Please copy, exactly as written, the span from the first line below to the line that contains "Unusual holiday home", including both, and skip the pictures.
(Record set Opens)
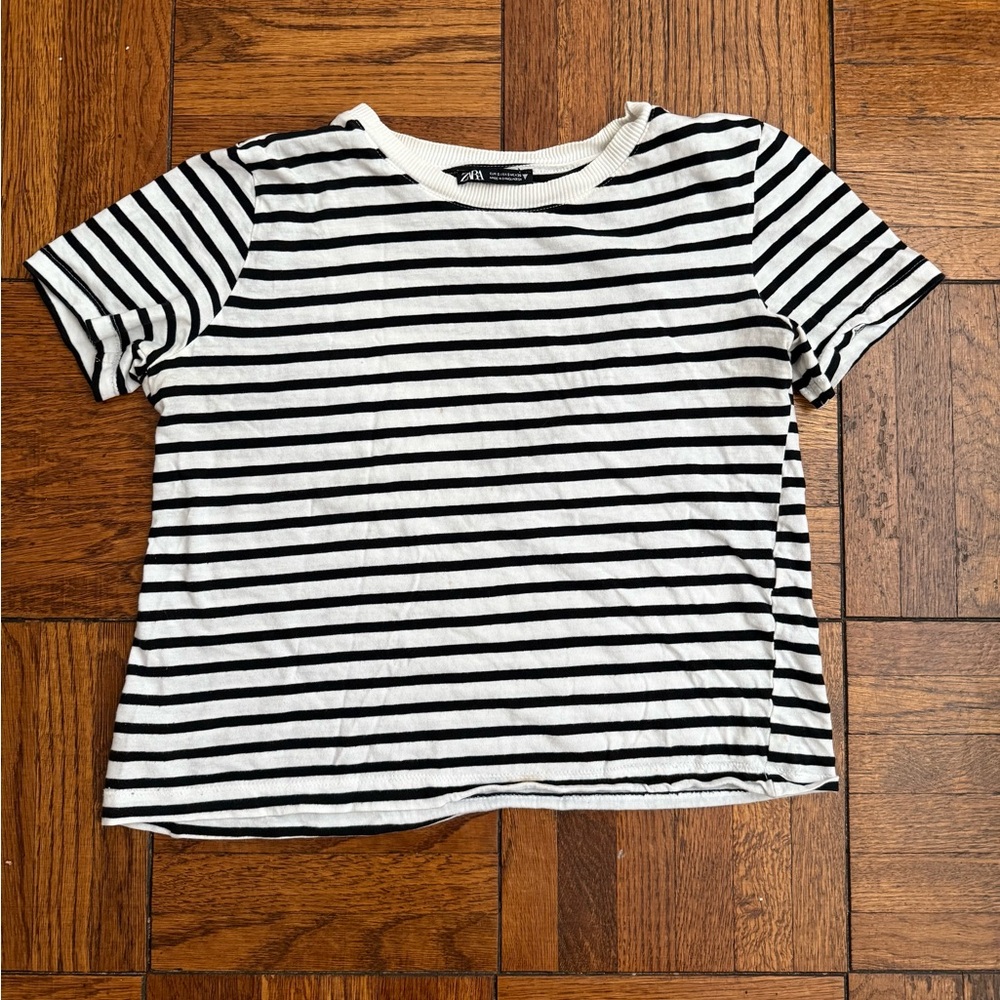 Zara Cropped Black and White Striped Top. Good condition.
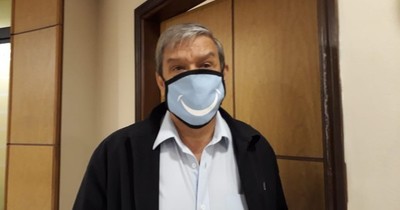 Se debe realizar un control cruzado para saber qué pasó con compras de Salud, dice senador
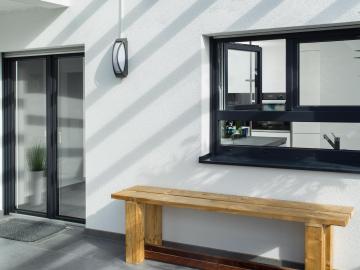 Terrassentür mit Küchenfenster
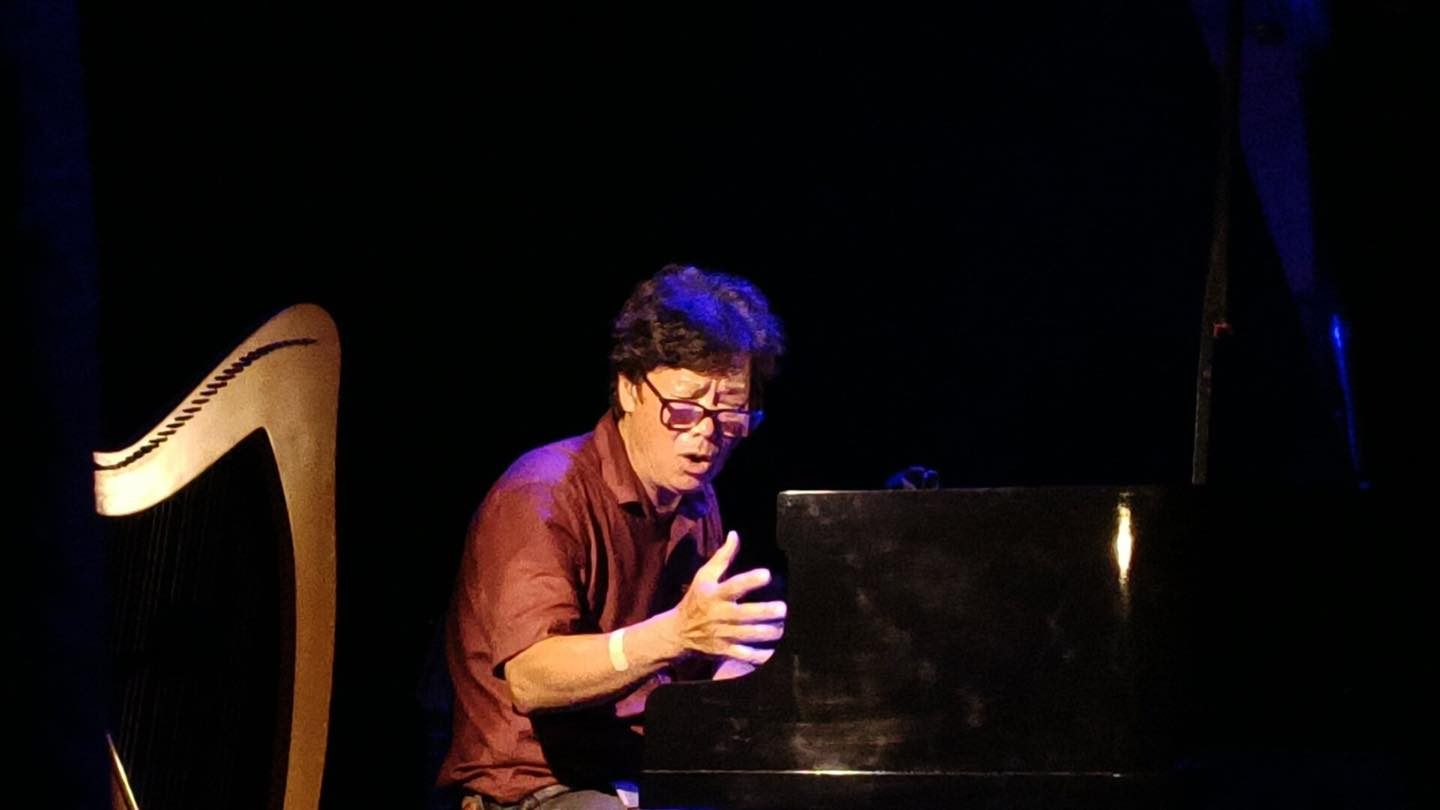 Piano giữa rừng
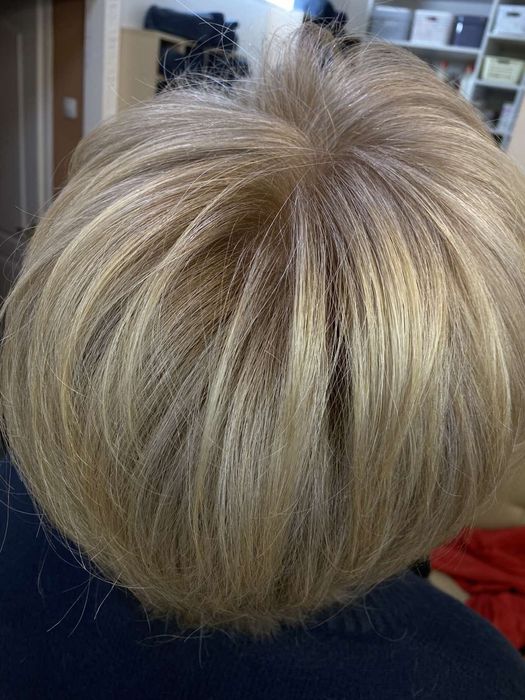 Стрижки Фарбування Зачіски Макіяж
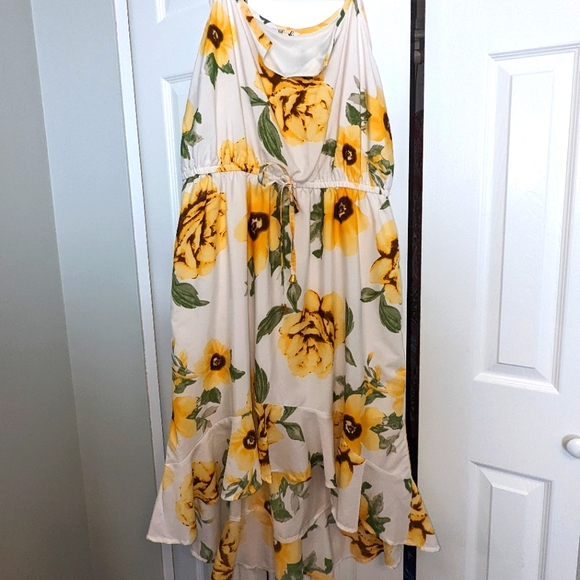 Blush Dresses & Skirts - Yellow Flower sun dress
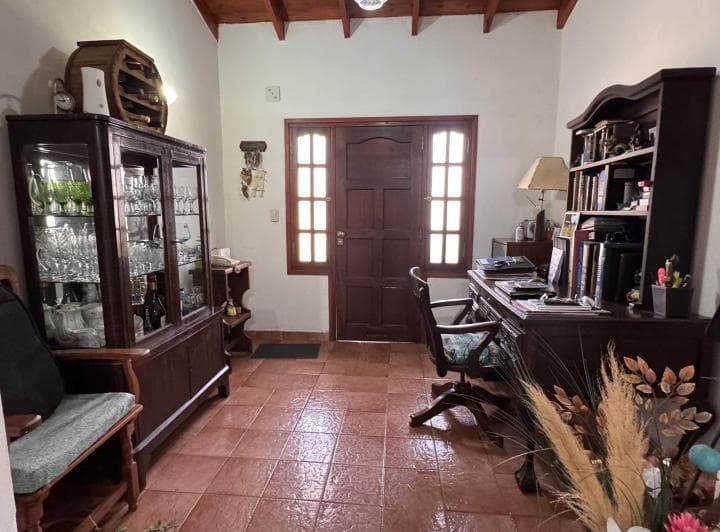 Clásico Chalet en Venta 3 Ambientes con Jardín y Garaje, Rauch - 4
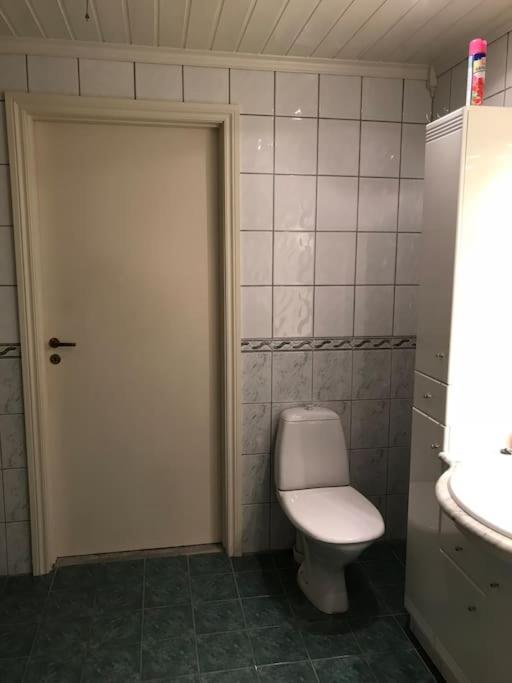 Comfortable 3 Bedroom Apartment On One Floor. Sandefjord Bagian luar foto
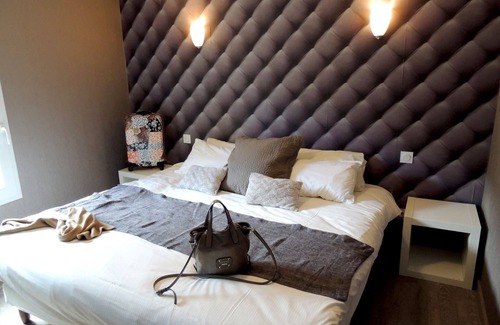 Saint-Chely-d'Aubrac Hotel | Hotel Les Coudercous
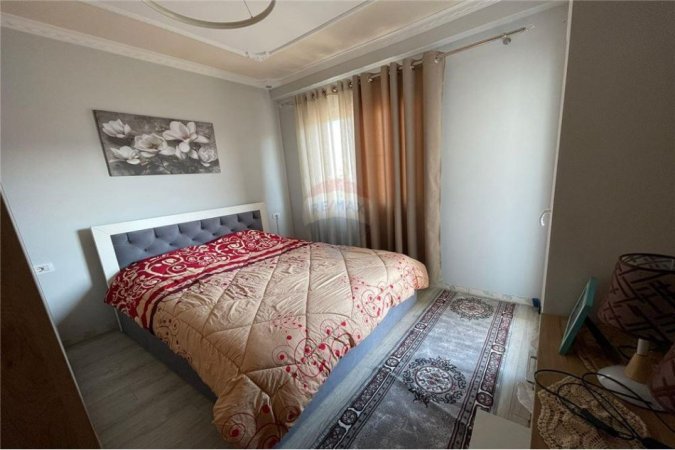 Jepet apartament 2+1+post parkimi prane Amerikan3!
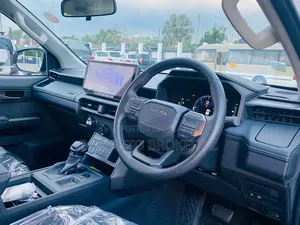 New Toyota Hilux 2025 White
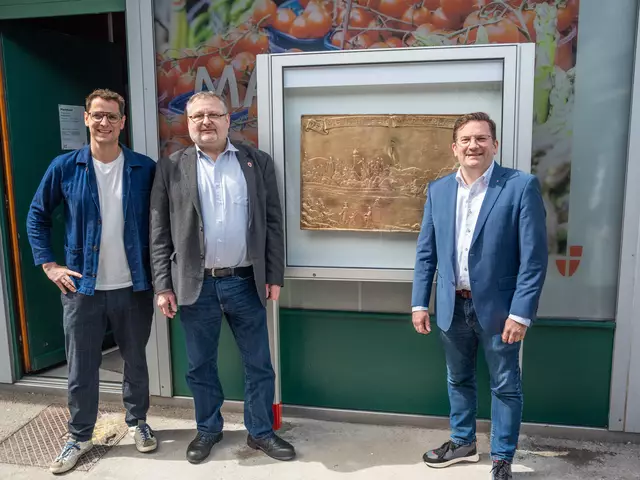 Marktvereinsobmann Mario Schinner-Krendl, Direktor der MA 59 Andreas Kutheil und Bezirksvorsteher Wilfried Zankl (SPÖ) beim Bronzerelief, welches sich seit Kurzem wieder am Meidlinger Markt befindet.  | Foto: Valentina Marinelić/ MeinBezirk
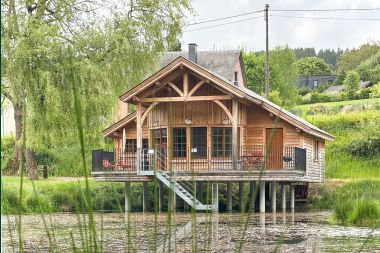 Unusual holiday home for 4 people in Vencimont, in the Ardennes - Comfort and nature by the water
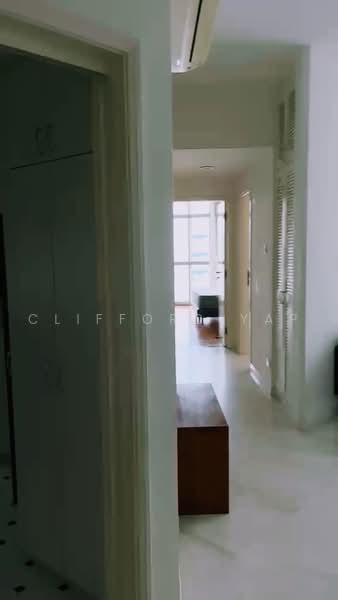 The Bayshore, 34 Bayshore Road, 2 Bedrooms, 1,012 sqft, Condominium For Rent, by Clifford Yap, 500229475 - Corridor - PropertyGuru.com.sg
(Record set Closes)
[Solution]
 Zara Cropped Black and White Striped Top. Good condition.
 Se debe realizar un control cruzado para saber qué pasó con compras de Salud, dice senador
 Terrassentür mit Küchenfenster
 Piano giữa rừng
 Стрижки Фарбування Зачіски Макіяж
 Blush Dresses & Skirts - Yellow Flower sun dress
 Clásico Chalet en Venta 3 Ambientes con Jardín y Garaje, Rauch - 4
 Comfortable 3 Bedroom Apartment On One Floor. Sandefjord Bagian luar foto
 Saint-Chely-d'Aubrac Hotel | Hotel Les Coudercous
 Jepet apartament 2+1+post parkimi prane Amerikan3!
 New Toyota Hilux 2025 White
 Marktvereinsobmann Mario Schinner-Krendl, Direktor der MA 59 Andreas Kutheil und Bezirksvorsteher Wilfried Zankl (SPÖ) beim Bronzerelief, welches sich seit Kurzem wieder am Meidlinger Markt befindet.  | Foto: Valentina Marinelić/ MeinBezirk
 Unusual holiday home for 4 people in Vencimont, in the Ardennes - Comfort and nature by the water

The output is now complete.